Search results always give me solutions with subprocess or the like, which is for two processes started within the same interpreter. I have also looked at ZeroMQ since this is supposed to achieve things like this, but I think this is overkill and would like a solution in python. Both interpreters are running python 2.7 (although different versions)
Edit:
Like #MattP, I'll add this statement of my understanding:
Background
I believe that you are running a product called abaqus. The abaqus product includes a linked-in python interpreter that you can access somehow (possibly by running abaqus python foo.py on the command line).
You also have a separate python installation, on the same machine. You are developing code, possibly including numpy/scipy, to run on that python installation.
These two installations are different: they have different binary interpreters, different libraries, different install paths, etc.

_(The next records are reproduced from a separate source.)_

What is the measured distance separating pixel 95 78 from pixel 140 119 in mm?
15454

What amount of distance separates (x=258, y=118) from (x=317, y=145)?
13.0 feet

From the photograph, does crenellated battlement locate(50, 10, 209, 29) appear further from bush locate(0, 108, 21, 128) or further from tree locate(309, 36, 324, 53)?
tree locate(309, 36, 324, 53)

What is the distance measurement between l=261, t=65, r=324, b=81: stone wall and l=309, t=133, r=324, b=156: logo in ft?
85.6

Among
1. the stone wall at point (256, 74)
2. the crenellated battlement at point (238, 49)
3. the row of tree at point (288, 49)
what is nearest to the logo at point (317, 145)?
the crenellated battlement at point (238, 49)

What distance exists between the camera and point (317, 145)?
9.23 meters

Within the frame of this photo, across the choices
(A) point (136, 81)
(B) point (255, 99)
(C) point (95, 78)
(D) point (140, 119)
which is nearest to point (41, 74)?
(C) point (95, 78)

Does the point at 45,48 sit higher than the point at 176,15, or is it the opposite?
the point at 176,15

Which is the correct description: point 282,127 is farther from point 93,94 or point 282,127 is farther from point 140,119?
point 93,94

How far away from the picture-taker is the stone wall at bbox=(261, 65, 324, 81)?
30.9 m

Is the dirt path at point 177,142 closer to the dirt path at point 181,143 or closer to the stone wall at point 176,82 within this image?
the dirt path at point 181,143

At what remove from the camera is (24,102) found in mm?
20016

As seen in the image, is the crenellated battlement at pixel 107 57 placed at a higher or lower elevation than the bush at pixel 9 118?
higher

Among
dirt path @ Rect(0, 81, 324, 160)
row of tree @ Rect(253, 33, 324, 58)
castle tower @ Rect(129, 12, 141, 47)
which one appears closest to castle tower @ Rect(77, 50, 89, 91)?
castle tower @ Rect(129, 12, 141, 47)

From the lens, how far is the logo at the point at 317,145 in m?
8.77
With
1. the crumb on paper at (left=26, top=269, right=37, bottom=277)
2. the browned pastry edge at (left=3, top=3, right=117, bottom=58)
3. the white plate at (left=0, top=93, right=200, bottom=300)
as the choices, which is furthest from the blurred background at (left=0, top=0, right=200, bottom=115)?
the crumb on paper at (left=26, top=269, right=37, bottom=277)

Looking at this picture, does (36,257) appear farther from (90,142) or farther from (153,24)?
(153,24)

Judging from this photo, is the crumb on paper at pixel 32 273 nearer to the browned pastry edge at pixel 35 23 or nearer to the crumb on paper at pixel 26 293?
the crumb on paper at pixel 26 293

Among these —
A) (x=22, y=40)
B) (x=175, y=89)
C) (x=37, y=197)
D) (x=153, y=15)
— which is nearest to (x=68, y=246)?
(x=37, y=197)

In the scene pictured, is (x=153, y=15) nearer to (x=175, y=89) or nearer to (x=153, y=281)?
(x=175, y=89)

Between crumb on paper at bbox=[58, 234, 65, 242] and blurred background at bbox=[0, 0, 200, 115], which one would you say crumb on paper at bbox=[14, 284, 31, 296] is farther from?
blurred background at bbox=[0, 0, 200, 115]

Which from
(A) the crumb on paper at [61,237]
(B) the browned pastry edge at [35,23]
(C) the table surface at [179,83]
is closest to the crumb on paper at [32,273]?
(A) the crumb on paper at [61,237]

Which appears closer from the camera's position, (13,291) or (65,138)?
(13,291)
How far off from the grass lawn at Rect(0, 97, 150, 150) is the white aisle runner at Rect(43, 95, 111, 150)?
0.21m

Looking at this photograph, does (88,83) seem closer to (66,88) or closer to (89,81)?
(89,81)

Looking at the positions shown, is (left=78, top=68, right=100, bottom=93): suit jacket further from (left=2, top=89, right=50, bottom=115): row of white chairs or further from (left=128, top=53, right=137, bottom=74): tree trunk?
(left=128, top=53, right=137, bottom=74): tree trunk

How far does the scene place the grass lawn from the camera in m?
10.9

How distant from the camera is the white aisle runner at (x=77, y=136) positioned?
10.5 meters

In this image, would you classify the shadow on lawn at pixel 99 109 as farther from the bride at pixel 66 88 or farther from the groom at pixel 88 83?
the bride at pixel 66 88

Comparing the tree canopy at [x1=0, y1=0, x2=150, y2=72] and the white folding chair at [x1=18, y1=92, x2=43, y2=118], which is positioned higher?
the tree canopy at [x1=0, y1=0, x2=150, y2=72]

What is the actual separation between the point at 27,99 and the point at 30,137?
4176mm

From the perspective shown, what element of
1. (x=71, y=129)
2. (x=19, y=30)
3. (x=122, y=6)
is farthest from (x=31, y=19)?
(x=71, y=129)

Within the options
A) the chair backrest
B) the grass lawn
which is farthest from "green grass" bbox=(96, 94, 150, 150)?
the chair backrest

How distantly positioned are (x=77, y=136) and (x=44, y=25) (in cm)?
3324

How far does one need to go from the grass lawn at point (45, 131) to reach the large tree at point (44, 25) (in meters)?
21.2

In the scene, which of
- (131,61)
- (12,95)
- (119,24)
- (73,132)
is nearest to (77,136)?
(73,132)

But they live on the same physical host.
Your objective is to enable the "plain python" programs, written by you, to communicate with one or more scripts running in the "Abaqus python" environment, so that those scripts can perform work inside the Abaqus system, and return results.
Solution
Here is a socket based solution. There are two parts, abqlistener.py and abqclient.py. This approach has the advantage that it uses a well-defined mechanism for "waiting for work." No polling of files, etc. And it is a "hard" API. You can connect to a listener process from a process on the same machine, running the same version of python, or from a different machine, or from a different version of python, or from ruby or C or perl or even COBOL. It allows you to put a real "air gap" into your system, so you can develop the two parts with minimal coupling.
The server part is abqlistener. The intent is that you would copy some of this code into your Abaqus script. The abq process would then become a server, listening for connections on a specific port number, and doing work in response. Sending back a reply, or not. Et cetera.

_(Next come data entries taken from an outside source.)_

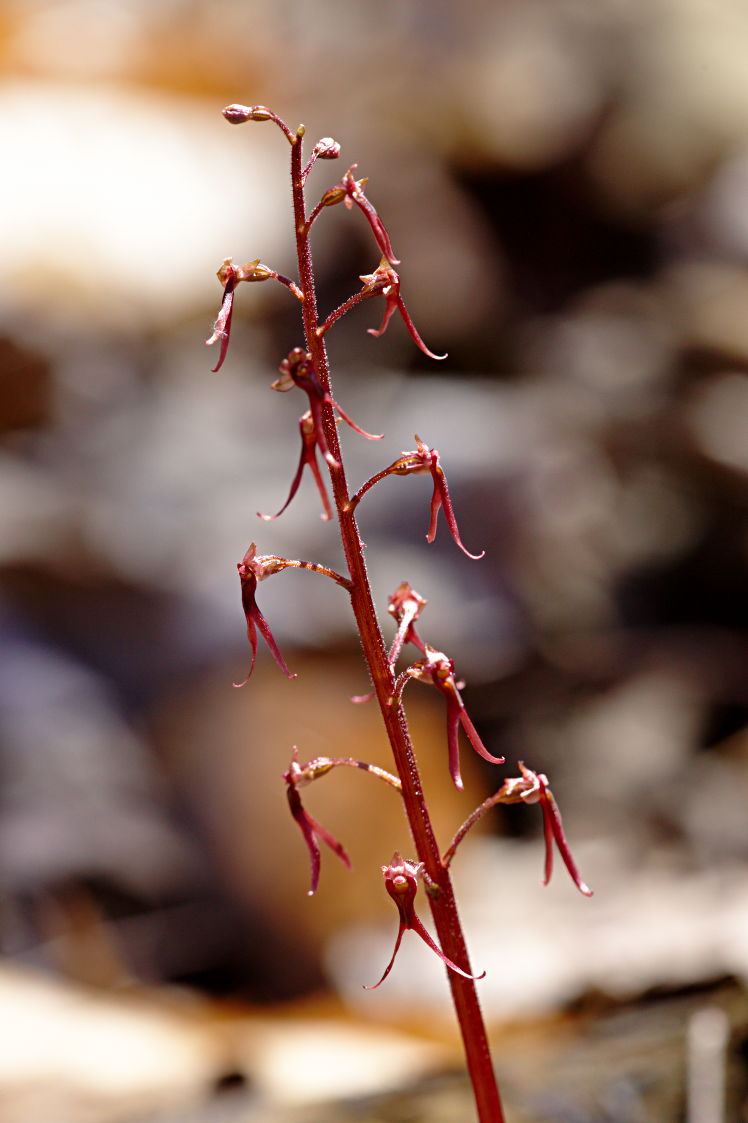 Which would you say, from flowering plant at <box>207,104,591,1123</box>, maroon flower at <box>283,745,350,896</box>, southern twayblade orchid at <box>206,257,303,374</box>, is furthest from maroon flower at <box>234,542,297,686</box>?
southern twayblade orchid at <box>206,257,303,374</box>

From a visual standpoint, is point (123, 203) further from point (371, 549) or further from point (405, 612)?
point (405, 612)

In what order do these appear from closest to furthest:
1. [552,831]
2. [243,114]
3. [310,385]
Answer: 1. [310,385]
2. [243,114]
3. [552,831]

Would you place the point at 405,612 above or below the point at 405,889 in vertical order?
above

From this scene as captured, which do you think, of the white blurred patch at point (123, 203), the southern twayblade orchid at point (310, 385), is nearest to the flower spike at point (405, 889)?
the southern twayblade orchid at point (310, 385)

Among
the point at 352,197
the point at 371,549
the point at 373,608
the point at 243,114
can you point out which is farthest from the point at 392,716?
the point at 371,549

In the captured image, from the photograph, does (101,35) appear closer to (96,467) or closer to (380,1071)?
(96,467)

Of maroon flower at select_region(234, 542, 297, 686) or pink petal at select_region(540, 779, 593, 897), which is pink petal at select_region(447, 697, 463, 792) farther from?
maroon flower at select_region(234, 542, 297, 686)

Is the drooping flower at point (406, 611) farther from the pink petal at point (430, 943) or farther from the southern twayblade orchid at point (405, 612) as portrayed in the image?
the pink petal at point (430, 943) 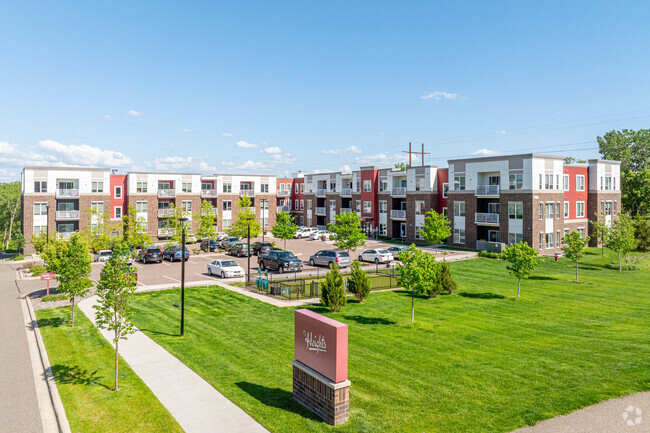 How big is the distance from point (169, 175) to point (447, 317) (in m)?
51.0

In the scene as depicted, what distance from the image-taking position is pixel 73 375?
1445 centimetres

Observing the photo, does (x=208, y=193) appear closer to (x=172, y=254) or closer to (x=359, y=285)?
(x=172, y=254)

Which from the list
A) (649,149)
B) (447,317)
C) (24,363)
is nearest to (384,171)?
(447,317)

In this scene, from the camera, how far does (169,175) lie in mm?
61781

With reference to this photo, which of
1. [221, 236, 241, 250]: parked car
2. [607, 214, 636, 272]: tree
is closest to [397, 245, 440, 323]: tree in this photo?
[607, 214, 636, 272]: tree

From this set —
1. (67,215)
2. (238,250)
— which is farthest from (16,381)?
(67,215)

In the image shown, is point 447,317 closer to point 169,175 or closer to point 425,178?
point 425,178

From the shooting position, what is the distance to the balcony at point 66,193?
51.8 metres

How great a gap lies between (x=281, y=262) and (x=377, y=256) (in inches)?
397

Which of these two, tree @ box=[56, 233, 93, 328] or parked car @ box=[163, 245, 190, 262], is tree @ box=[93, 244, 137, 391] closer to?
tree @ box=[56, 233, 93, 328]

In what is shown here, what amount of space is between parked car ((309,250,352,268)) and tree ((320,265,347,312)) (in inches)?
582

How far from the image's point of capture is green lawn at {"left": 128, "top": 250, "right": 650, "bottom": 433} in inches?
442

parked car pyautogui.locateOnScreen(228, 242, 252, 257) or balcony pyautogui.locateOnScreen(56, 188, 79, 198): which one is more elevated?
balcony pyautogui.locateOnScreen(56, 188, 79, 198)

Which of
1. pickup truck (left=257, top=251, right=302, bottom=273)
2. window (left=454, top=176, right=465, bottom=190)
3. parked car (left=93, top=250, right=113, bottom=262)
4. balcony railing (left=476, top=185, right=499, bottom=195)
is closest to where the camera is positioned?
pickup truck (left=257, top=251, right=302, bottom=273) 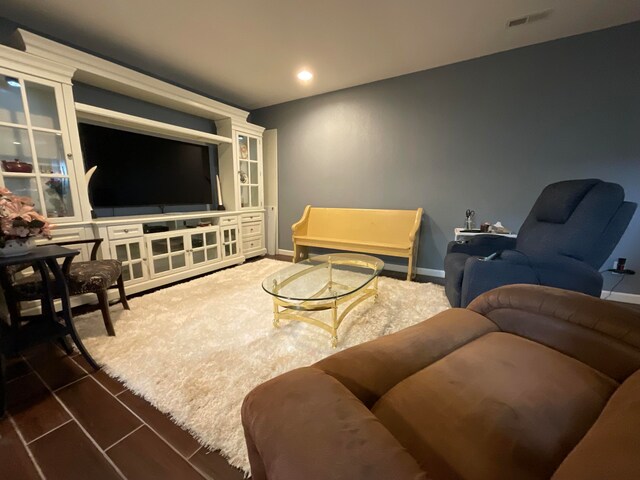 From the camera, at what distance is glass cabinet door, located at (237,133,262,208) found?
3635mm

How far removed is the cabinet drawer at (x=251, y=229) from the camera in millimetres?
3693

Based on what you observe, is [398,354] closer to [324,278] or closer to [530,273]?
[530,273]

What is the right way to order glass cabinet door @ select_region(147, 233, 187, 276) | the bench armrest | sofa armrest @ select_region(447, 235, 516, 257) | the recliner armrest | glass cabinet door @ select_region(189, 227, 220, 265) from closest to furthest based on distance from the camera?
1. the recliner armrest
2. sofa armrest @ select_region(447, 235, 516, 257)
3. glass cabinet door @ select_region(147, 233, 187, 276)
4. glass cabinet door @ select_region(189, 227, 220, 265)
5. the bench armrest

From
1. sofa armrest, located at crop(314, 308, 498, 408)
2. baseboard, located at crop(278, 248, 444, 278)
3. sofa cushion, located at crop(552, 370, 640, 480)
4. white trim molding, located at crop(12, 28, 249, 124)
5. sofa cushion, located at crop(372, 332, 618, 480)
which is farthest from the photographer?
baseboard, located at crop(278, 248, 444, 278)

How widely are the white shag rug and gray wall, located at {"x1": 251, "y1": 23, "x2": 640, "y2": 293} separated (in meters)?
1.27

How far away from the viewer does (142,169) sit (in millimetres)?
2727

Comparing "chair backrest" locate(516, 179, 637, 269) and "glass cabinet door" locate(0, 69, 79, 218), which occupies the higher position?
"glass cabinet door" locate(0, 69, 79, 218)

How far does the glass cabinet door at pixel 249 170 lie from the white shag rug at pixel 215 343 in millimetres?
1650

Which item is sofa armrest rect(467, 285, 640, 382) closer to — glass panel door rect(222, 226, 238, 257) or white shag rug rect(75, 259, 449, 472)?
white shag rug rect(75, 259, 449, 472)

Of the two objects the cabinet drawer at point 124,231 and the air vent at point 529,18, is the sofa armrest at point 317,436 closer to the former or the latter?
the cabinet drawer at point 124,231

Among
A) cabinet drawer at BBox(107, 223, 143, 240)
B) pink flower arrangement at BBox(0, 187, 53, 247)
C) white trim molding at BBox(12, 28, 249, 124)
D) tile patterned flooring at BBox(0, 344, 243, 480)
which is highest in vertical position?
white trim molding at BBox(12, 28, 249, 124)

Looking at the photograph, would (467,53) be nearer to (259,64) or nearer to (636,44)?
(636,44)

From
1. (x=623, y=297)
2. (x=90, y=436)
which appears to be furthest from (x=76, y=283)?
(x=623, y=297)

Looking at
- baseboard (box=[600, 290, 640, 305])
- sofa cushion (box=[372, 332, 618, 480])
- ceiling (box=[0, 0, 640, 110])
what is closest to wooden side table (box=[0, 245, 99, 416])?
sofa cushion (box=[372, 332, 618, 480])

I am not sure if you need to do setup work for each job. If so, that would have to be part of the connection. This would just start ABQ, listen on a port (forever), and deal with requests. Any job-specific setup would have to be part of the work process. (Maybe send in a parameter string, or the name of a config file, or whatever.)
The client part is abqclient. This could be moved into a module, or just copy/pasted into your existing non-ABQ program code. Basically, you open a connection to the right host:port combination, and you're talking to the server. Send in some data, get some data back, etc.
This stuff is mostly scraped from example code on-line. So it should look real familiar if you start digging into anything.
Here's abqlistener.py:
# The below usage example is completely bogus. I don't have abaqus, so
# I'm just running python2.7 abqlistener.py [options]
usage = """
abacus python abqlistener.py [--host 127.0.0.1 | --host mypc.example.com ] \\
[ --port 2525 ]
Sets up a socket listener on the host interface specified (default: all
interfaces), on the given port number (default: 2525). When a connection
is made to the socket, begins processing data.
"""
import argparse
parser = argparse.ArgumentParser(description='Abacus listener',
add_help=True,
usage=usage)
parser.add_argument('-H', '--host', metavar='INTERFACE', default='',
help='Interface IP address or name, or (default: empty string)')
parser.add_argument('-P', '--port', metavar='PORTNUM', type=int, default=2525,
help='port number of listener (default: 2525)')
args = parser.parse_args()
import SocketServer
import json
class AbqRequestHandler(SocketServer.BaseRequestHandler):
"""Request handler for our socket server.
This class is instantiated whenever a new connection is made, and
must override `handle(self)` in order to handle communicating with
the client.
"""
def do_work(self, data):
"Do some work here. Call abaqus, whatever."
print "DO_WORK: Doing work with data!"
print data
return { 'desc': 'low-precision natural constants','pi': 3, 'e': 3 }
def handle(self):
# Allow the client to send a 1kb message (file path?)
self.data = self.request.recv(1024).strip()
print "SERVER: {} wrote:".format(self.client_address[0])
print self.data
result = self.do_work(self.data)
self.response = json.dumps(result)
print "SERVER: response to {}:".format(self.client_address[0])
print self.response
self.request.sendall(self.response)
if __name__ == '__main__':
print args
server = SocketServer.TCPServer((args.host, args.port), AbqRequestHandler)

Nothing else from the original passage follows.